Cosa cambia con la riforma Cartabia per le indagini tributarie in corso di procedimento per separazione/divorzio?
La riforma Cartabia, non toglie alcun potere di indagine rispetto a quanto visto fino a ora, ma rende più gravosa la posizione delle parti.
Nella disciplina previgente si è detto che in caso di contestazione il giudice poteva dare il via ai controlli fiscali, ma con la riforma Cartabia questo punto cambia, in sfavore del contribuente.
Recita l’art. 473-bis.2 , rubricato “poteri del giudice” che in caso di domande di contributo economico, all’interno di procedimenti di separazione, di scioglimento o cessazione degli effetti civili del matrimonio, di scioglimento dell’unione civile e di regolamentazione dell’esercizio della responsabilità genitoriale
il giudice può d’ufficio ordinare l’integrazione della documentazione depositata dalle parti e disporre ordini di esibizione e indagini sui redditi, sui patrimoni e sull’effettivo tenore di vita, anche nei confronti di terzi, valendosi se del caso della polizia tributaria
Questo implica che, indipendentemente dalla contestazione delle parti, se il giudice si accorge che c’è una consistenza economica differente da quella che appare dalla documentazione, può d’ufficio, attivare la polizia tributaria.
Separazione e divorzio, in caso di controlli fiscali l’onere della prova contraria spetta al contribuente
In merito alle indagini della polizia tributaria e al conseguente eventuale processo. Ricordiamo che c’è un regime delle prove non particolarmente favorevole al contribuente.

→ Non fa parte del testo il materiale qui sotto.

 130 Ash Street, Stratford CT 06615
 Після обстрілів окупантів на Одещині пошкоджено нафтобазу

La giurisprudenza è concorde nel ritenere che nel caso in cui l’Amministrazione finanziaria rilevi difformità tra quanto dichiarato e la realtà finanziaria, l’onere della prova risulta assolto con la semplice rilevazione dei dati finanziari.

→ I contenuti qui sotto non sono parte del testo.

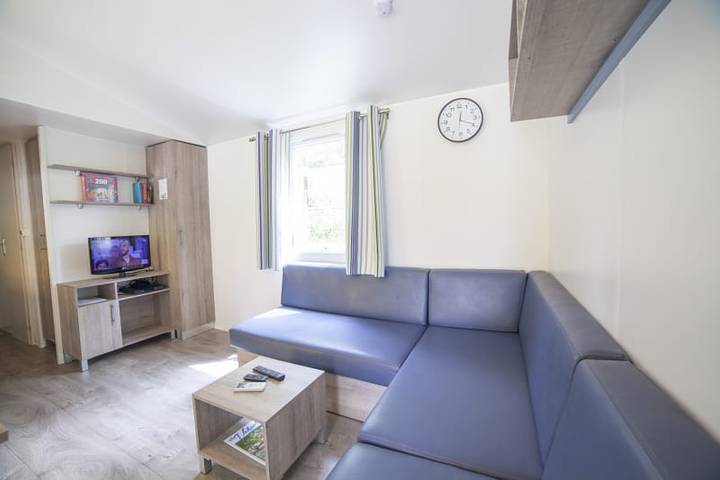 Caravane pour 6 personnes, avec terrasse et balcon/terrasse à Belvès - 4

Spetta al contribuente a questo punto dimostrare che in realtà la determinazione dell’imponibile così come effettuata dall’Amministrazione è errata, cioè vi è l’onere della prova contraria a carico del contribuente.
La Corte di Cassazione ha inoltre fissato un ulteriore principio: le risultanze delle indagini bancarie hanno un valore probatorio da ricondurre alle presunzioni legali. Il contribuente anche in questo caso può fornire prova contraria.
Cosa vuol dire presunzioni legali? È la stessa legge che attribuisce a un fatto noto il valore di prova in relazione a un altro fatto che quindi viene presunto. Le presunzioni legali possono essere assolute se non è ammessa la prova contraria e relative se la prova contraria è ammessa. Ci troviamo quindi nell’ambito delle seconde.
Volendo riassumere, se nel corso di un procedimento per la determinazione dell’assegno di mantenimento emergono fatti rilevanti dal punto di vista tributario, il coniuge può ritrovarsi non solo a dover pagare un assegno di importo più elevato, oppure a ricevere un assegno di importo minore, ma anche a dover pagare maggiori imposte e, nel caso in cui il fatto rilevi penalmente, potrebbe avviarsi anche una procedura penale.